It costs some accuracy to do so, but Q8 KV cache would be a fairly small drop in accuracy but allow you to use twice the context length.
a9udn9u@reddit (OP)
Oh I misread his message, my kv is at Q8, but how could kv quantization help fitting 35GB weights in 32GB VRAM?
Digger412@reddit
If you're using `--fit`, and if you don't increase the context size, then your KV takes up half the size it did previously and `--fit` will load more weights from RAM to VRAM to fill it up. So you'd get more by proxy.
antwon_dev@reddit
True. If OP is getting 256k context on fp16 alr, though, then maybe consider not quantizing the KV cache. 256k is a lot of usable context, and quality can certainly diminish when messing with attention.
But if you try out 512k @ Q8, let us know how it affects output quality/speed and memory usage!
waruby@reddit
see the
-ctkand-ctvcommand line options. If you compile the Rotorquant fork of llama.cpp you can do-ctk planar3 -ctv turbo3which give 10.3x compression of the KV cache for negligible loss in quality.Old-Sherbert-4495@reddit
are u running on a 5090?? coz im getting 40tkps on 4060ti 16vram and 32 sys ram 20 core cpu. so i think u can squeeze more out of it. i tweaked it manually using, ngl and cpu moe count. with q8 kv. instead of fit.
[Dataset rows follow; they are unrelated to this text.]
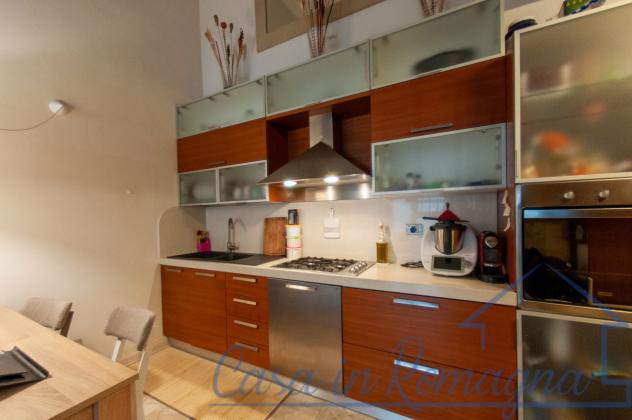 Loft in vendita a Rimini - Foto 9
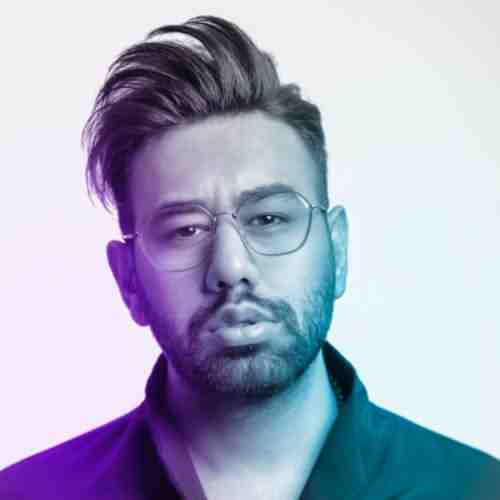 دانلود آهنگ نه یه بارم تو بگو تنگه دلت من بمیرم تا شاید تنگ شه دلت محمد لطفی Mp3 دانلود آهنگ نه یه بارم تو بگو تنگه دلت من بمیرم تا شاید تنگ شه دلت محمد لطفی Mp3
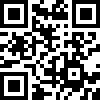 https://khabaronline.ir/xdGLL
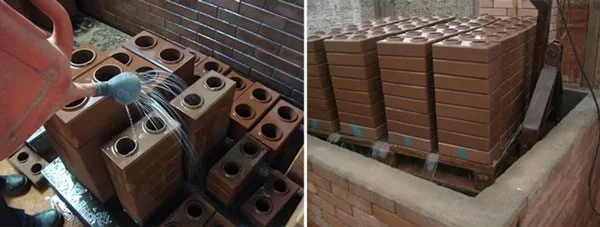 clay bricks,clay interlocking blocks,blocks,compressed earth blocks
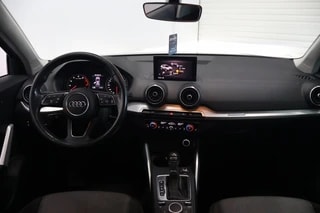 Thumbnail Mobil 2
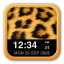 Chilli X Releases PhotoFrame: Wild!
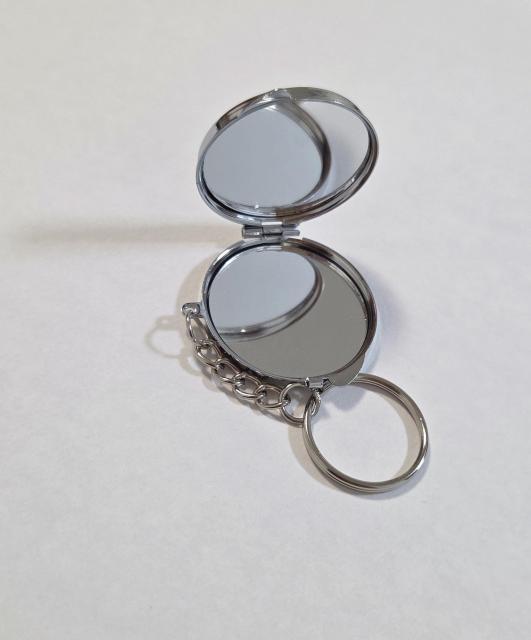 �S�����苾���n���h���C�h�@�@�@�S�����@�@�S�����O�b�Y�@�@�R���p�N�g�~���[�@�@�@�苾�@�@�@�@���킢���苾�@�@�@�����A�N�Z�T���[�@�@ �� �����t�@�b�V������ 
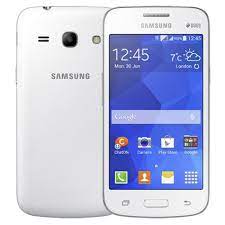 Galaxy Star Plus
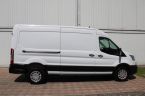 Ford Transit - fotka číslo 2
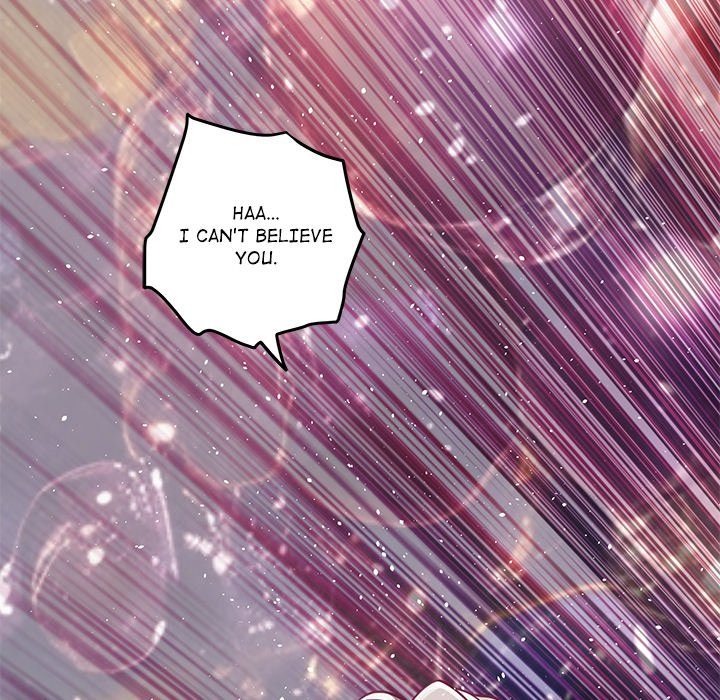 God of Pleasure - Chapter 55 Page 222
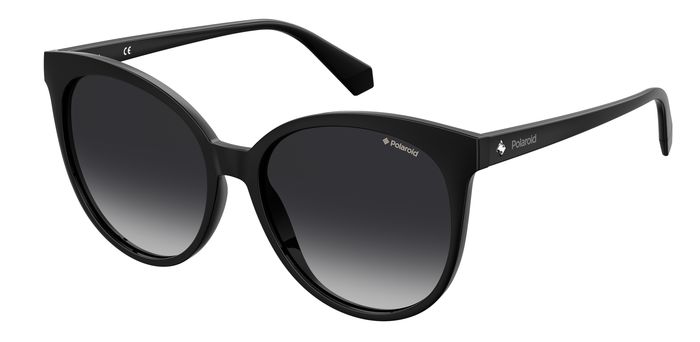 Sunglasses Polaroid PLD 4086/S 807WJ 57 17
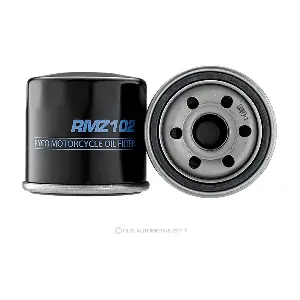 RMZ102 RYCO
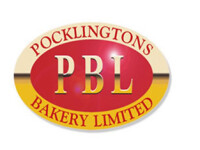 Pocklingtons bakery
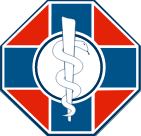Logo de Colmed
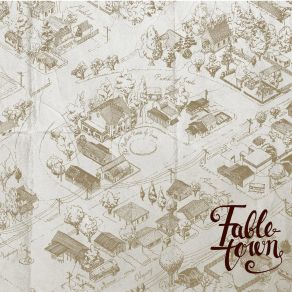 Download track Autumn Light Fabletown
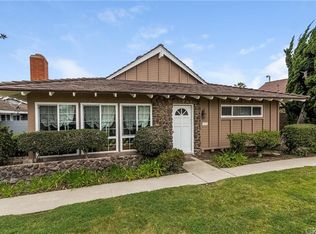 16962 Ruby Cir, Huntington Beach, CA 92649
one thing to note is that fit does offload to cpu. but it works very different with dense (27b) and moe (active only 3b). u have to fit dense model fully to get best performance, offloading hurts a lot. but for moe offloading helps.
relmny@reddit
Have a look at this thread, you might find better options:
https://www.reddit.com/r/LocalLLaMA/comments/1sor55y/rtx_5070_ti_9800x3d_running_qwen3635ba3b_at_79_ts/
btw, with a slower 32GB GPU + 128gb RAM + ssd, I can run qwen3.5-397b q4kl at 5 t/s or 3.6-35b ud-q6-kl at 114 t/s (can even run kimi.k2.6 smol-iq2-ks but at only 2.18 t/s)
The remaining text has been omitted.